Врачи слушают объяснения Салаха Саматова, который дежурил в те часы, когда умерла Чиберкеева. Он старается свалить всю вину на больную; дескать, если бы она не была такой глупой, не стала бы пить зелье, беды не случилось бы.

— Почему вы считаете, что она умерла от разрыва сердца, испугавшись бродившего в коридоре Исмагила? — спросил Абузар Гиреевич. — Вскрытия еще не было, но, по-моему, она умерла от отравления. Убедившись, что больная выпила снадобье, вы должны были немедленно сделать ей промывание желудка и принять меры против возможного отравления.

— У меня создалось впечатление, что она просто одурманена или даже пьяна и до утра протрезвится, — отвечал Саматов. — И потом — ведь это не единственный случай в медицинской практике... — В глазах Саматова замелькало смущение, он начал оглядываться по сторонам, ища поддержки.

— Есть показания, что больная начала беспокоиться с одиннадцати часов вечера, — продолжал неумолимо изобличать профессор. — Она требовала позвать меня или Магиру-ханум. Почему вы не дали нам знать о требовании больной? Откуда у вас такая самонадеянность?

— Абузар Гиреевич! — крикнул Саматов. — Беспокоить вас среди ночи!..

— Когда больной в тяжелом состоянии, для врача не существует ни дня, ни ночи! — резко оборвал его профессор. — Вы должны это знать, Салахетдин. Вообще непонятно — что вы сделали для спасения больной. О чем вы думали?

— Я сделал все от меня зависящее, Абузар Гиреевич! — из последних сил оправдывался Саматов, впрочем не сбавляя развязности. — Чем обвинять меня во всех грехах, лучше навели бы I порядок в отделении Магиры Хабировны. А что смотрела Гульшагида Сафина, которая дежурила днем, когда больным приносили передачу?..

— Салахетдин, — опять перебил его профессор, — не пытайтесь уйти от ответственности. О порядках в больнице будет особый разговор... Разговор пойдет и о том, почему мне не докладывали об исключительно угнетенном состоянии больной за последние дни. Со всех спросят ответ. А сейчас мы говорим о другом. По-моему, можно было спасти Чиберкееву в эту роковую ночь. Вы этого не сделали, Саматов! Это — позорное равнодушие! Больше того — это преступление! Я думаю, вы и сами должны согласиться с этим... Вы, Салахетдин, не можете больше оставаться лечащим врачом.
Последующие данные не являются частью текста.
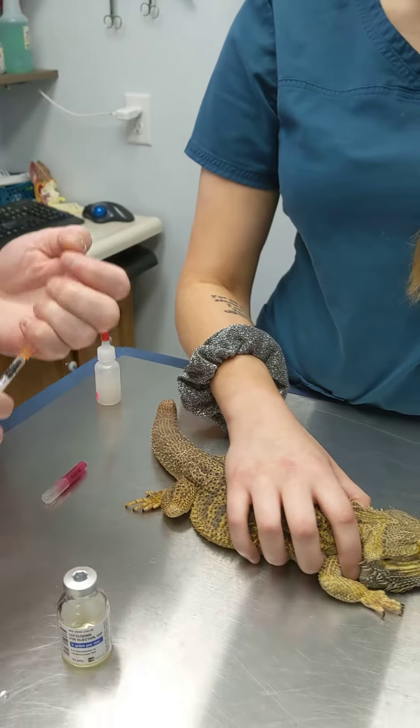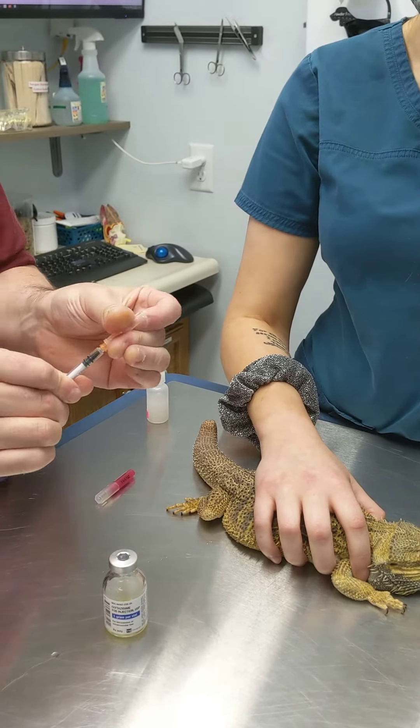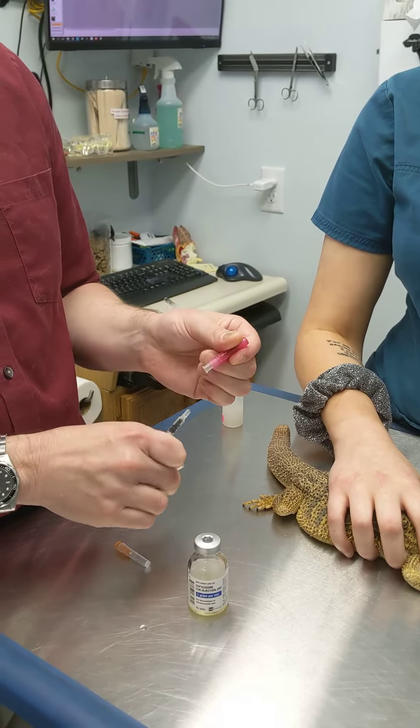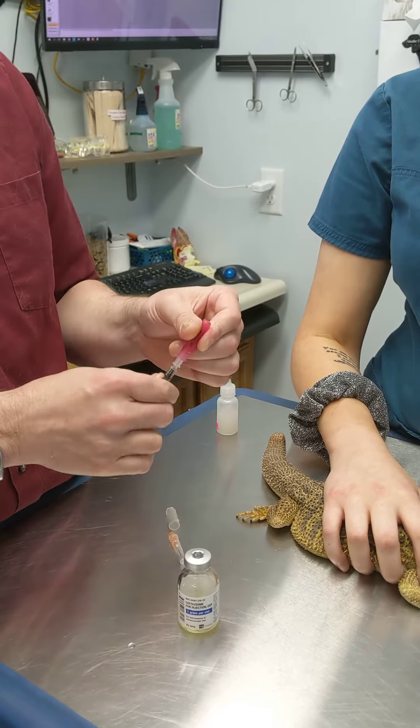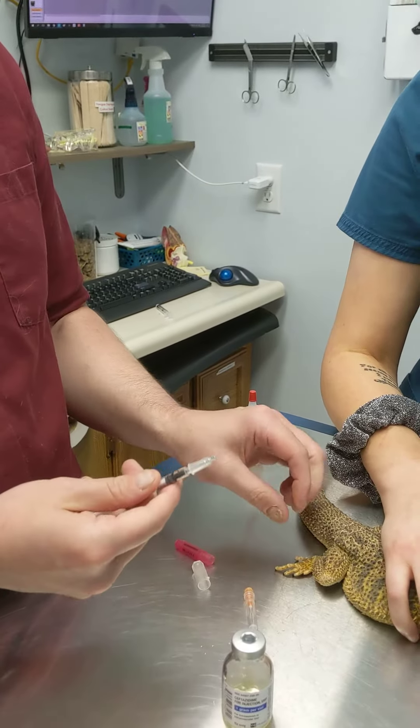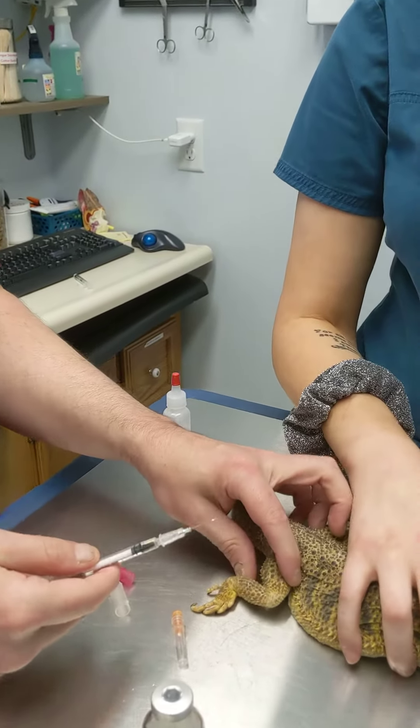After we draw that up, we're actually going to change our needle. The main reason we change the needle is because going through the vial dulls the needle, so it's a little harder to go through their skin. They've got pretty thick skin, so if we're sending somebody home, we'll provide them with needles. This is a small .25 gauge needle — very easy.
Вам нельзя доверять самое дорогое — жизнь человека. Нельзя!

Заносчивый, спесивый и столь же беззаботный Салах теперь заскулил, как испуганный пес:

— Разве я один виновен... Вы хотите свалить на меня одного общую вину, сделать меня козлом отпущения...

— Нет, Салахетдин, это не так: виноваты и я и Магира-ханум. Может быть, и Гульшагида что-то недосмотрела... Повторяю — все будем отвечать. Однако в решительную минуту больная была в ваших руках, и вы отнеслись к ее судьбе равнодушно, черство. Вот в чем дело!

— Вы всегда меня...

— Согласен — это не первое предупреждение! Если бы вы были более серьезны, чувствовали свою ответственность, давно сделали бы для себя вывод. Тогда не произошло бы и этого несчастья.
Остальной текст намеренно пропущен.